Every gamer knows the feeling. You boot up an RPG, start the main quest, and within ten hours realize the real magic is hiding in the optional content. The detour to help a strange old woman or photograph a wolf turns out to be the moment you remember years later. Here are five games where the side content didn’t just compete with the main story. It quietly buried it.
The Witcher 3: Wild Hunt

CD Projekt Red built Geralt’s hunt for Ciri across roughly 50 hours of main story, but the side quests are what fans still talk about a decade later. Witcher contracts like “A Towerful of Mice” and “Carnal Sins” deliver self-contained gothic short stories with real moral weight. The Hearts of Stone expansion is widely considered better written than the base game’s main path, and the side-quest writing has racked up multiple industry awards over the years.
Red Dead Redemption 2

Rockstar’s main story is a sprawling epic about a dying gang, but the Stranger Missions are where Arthur Morgan actually becomes human. The wildlife photography arc with Albert Mason, the widow Charlotte Balfour learning to survive alone, and Marko Dragic’s homicidal robot stand alongside the game’s best writing. Red Dead Redemption 2 has 31 stranger side-missions, and finishing only 10 is required for full completion. The rest are pure gravy, and they include some of the most beloved side content of the last decade.
Cyberpunk 2077

Night City’s main plot is short, dark, and famously rushed. The relationship Side Jobs are the opposite. Panam Palmer’s Aldecaldo arc, Judy Álvarez’s investigation into Evelyn Parker, River Ward’s family case, and Kerry Eurodyne’s rockstar meltdown are not just better paced than the main story. They are necessary. Several of them actually unlock the game’s better endings, including the fan-favorite Aldecaldo route.

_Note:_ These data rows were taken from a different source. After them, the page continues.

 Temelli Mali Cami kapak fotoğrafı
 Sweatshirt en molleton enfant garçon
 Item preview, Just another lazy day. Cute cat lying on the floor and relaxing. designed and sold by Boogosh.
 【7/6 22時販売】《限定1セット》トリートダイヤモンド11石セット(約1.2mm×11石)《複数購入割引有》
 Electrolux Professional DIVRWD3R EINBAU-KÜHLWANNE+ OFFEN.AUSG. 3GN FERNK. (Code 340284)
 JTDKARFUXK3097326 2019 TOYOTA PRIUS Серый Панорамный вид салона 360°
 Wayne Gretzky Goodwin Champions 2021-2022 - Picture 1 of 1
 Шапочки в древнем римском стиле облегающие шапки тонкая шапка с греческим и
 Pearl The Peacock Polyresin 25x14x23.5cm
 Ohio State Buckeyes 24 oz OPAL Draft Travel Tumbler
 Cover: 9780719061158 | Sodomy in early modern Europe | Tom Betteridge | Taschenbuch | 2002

The writing in these Side Jobs is widely viewed as the heart of what Cyberpunk 2077 became after years of patches and updates.
Yakuza: Like a Dragon

Ichiban Kasuga’s main story walks you through Yokohama gang politics, but the 52 substories in Like a Dragon are where the series’ personality lives. You’ll teach an English class, race in Mario Kart-style tournaments, manage a corporation, and have entirely serious heart-to-hearts with strangers ten minutes later. The Yakuza franchise has built its reputation on this whiplash between absurd comedy and quiet emotion, and Like a Dragon may be the purest distillation of that formula.
Fallout: New Vegas

Obsidian had only 18 months to build New Vegas, but somehow shipped a game where the side quests are more talked about than the four-faction war at its core. “Come Fly With Me” — a quest about a ghoul cult trying to launch themselves to space in salvaged rockets — is regularly cited as one of the best side quests in RPG history. Add in “I Forgot to Remember to Forget,” “G.I. Blues,” and “Oh My Papa,” and you have the most consistently strong side-quest roster of its generation.